Paul Turnbull & Mary Ellicott
Senior Manager & Manager
DFK Benjamin King Money


There was little change in the budget for Investors and Superannuation. The main concern was the forward economic forecasts of economic growth (GDP) for FY 2023/24 to be 1.5% (nominal GDP is forecast to be -1.0%).
 
The budget confirmed some (already well received) changes in Superannuation and Retirement Incomes that have already been presented to Parliament:

  • Increase in the thresholds for Commonwealth Seniors’ Health Card (CSHC) – up to $144,000 for couples and $90,000 for singles;
  • Sale proceeds of your family home if they will be used to buy a new home being excluded for the Age Pension Assets Test has been extended to 24 months;
  • Downsizer Contributions to Super eligibility lowered to age 55;
  • Formalising a once off $4,000 credit to the Work Bonus income bank of participating recipients. This temporary income bank top-up will increase the amount pensioners can earn in 2022–23 from $7,800 to $11,800, before their pension is reduced.  This will assist pensioners who want to work, or work more hours, to do so to a greater extent before their benefits are impacted.

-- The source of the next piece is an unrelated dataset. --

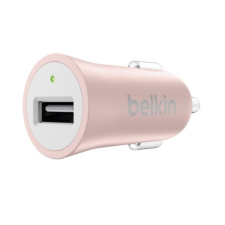 Belkin USB autós töltő Mixit Up rózsaarany (F8M730BTC00) mobiltelefon kellék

Perhaps the biggest change for the future of Superannuation came with the National Housing Accord and the ambitious target to build one million new homes by 2029. Affordable housing is a very respectable federal budget aim. This social good is very difficult to achieve against the many competing interests between of 3 layers of government, developers, property owners, renters and infrastructure providers.

The national Housing Accord in the Federal Budget brings in another competing interest; Superannuation Investors. Over the years I’ve had many discussions about Superannuation funds coming to the table to assist in social good investing. Whilst it sounds great on the surface, the idea tries to meld two competing interests – properties being built and rented out at the lowest cost possible and Superannuation Investors trying to maximise their return.
 
Past guises of using public money alongside private investors (including Super Funds) to generate more affordable housing, such as the National Rental Affordability Scheme (NRAS) failed to deliver on in the face of these competing aims. With NRAS it was the property developers that won out. Low income renters achieved a short term gain, however the Investors, including Super Funds, lost out via poor investment returns in loss making properties (despite generous government tax incentives). We will watch how the newly announced National Housing Accord may (hopefully) benefit Superannuation Investors in the future (and more importantly, build more affordable housing).